G-WOW (Guiding for Tomorrow) Changing Climate, Changing Culture Initiative
The “Gikinoo’wizhiwe Onji Waaban” (Guiding for Tomorrow) or “G-WOW” Initiative is a unique approach to increasing awareness of how climate change is affecting Lake Superior’s coastal environment, people, cultures, and economies. G-WOW integrates scientific climate change research with place-based evidence of how climate change is affecting traditional Ojibwe lifeways and people of all cultures.

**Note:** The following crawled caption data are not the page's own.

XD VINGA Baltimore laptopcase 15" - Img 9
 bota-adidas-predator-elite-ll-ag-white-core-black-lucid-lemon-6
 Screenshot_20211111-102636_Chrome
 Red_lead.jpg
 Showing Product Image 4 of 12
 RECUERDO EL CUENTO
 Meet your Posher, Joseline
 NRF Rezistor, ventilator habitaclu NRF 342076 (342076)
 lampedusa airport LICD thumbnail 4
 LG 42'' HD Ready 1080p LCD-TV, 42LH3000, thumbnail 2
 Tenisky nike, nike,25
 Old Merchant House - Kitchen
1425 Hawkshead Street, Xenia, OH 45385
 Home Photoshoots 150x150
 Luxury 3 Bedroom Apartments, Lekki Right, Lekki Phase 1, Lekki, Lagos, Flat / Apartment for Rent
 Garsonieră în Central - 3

The Initiative brings native perspectives and involvement to addressing issues of climate change by directly engaging native communities, educators, and students, providing learners with knowledge about what they can do to mitigate or adapt to a changing climate.
The key message points of the G-WOW Initiative are:
- Climate change is real.
- Humans contribute to climate change.
- Weather and climate are different.
- Climate affects culture.
- We can make a difference.
Outreach tools available through the G-WOW Changing Climate, Change Culture Initiative include:
- Web-Based Service Learning Curriculum: The G-WOW website (see link in sidebar) features a service learning curriculum for learners in middle school and above, teacher resources, program databases, visual resources, and an interactive blog.
- G-WOW Discovery Center: This interactive exhibit and kiosk at the Northern Great Lakes Visitor Center in Ashland, Wisconsin, explores the impacts of climate change on Lake Superior’s coastal resources and people.
- G-WOW Teacher/Community Educator Training: Professional development programs build a network of trained climate change community educators to outreach the G-WOW climate literacy model.
G-WOW provides what’s missing in most climate change training—the integration of science with place-based evidence to evaluate how climate is affecting the environment, people, and economies, especially pertinent to our Tribal Nations. This culturally relevant climate literacy model integrates place-based evidence with climate science. It uses climate impacts on cultural practices of the Lake Superior Chippewa (Ojibwe) Indians as indicators of climate change for all cultures. However, it is easily transferable to other cultures and locations.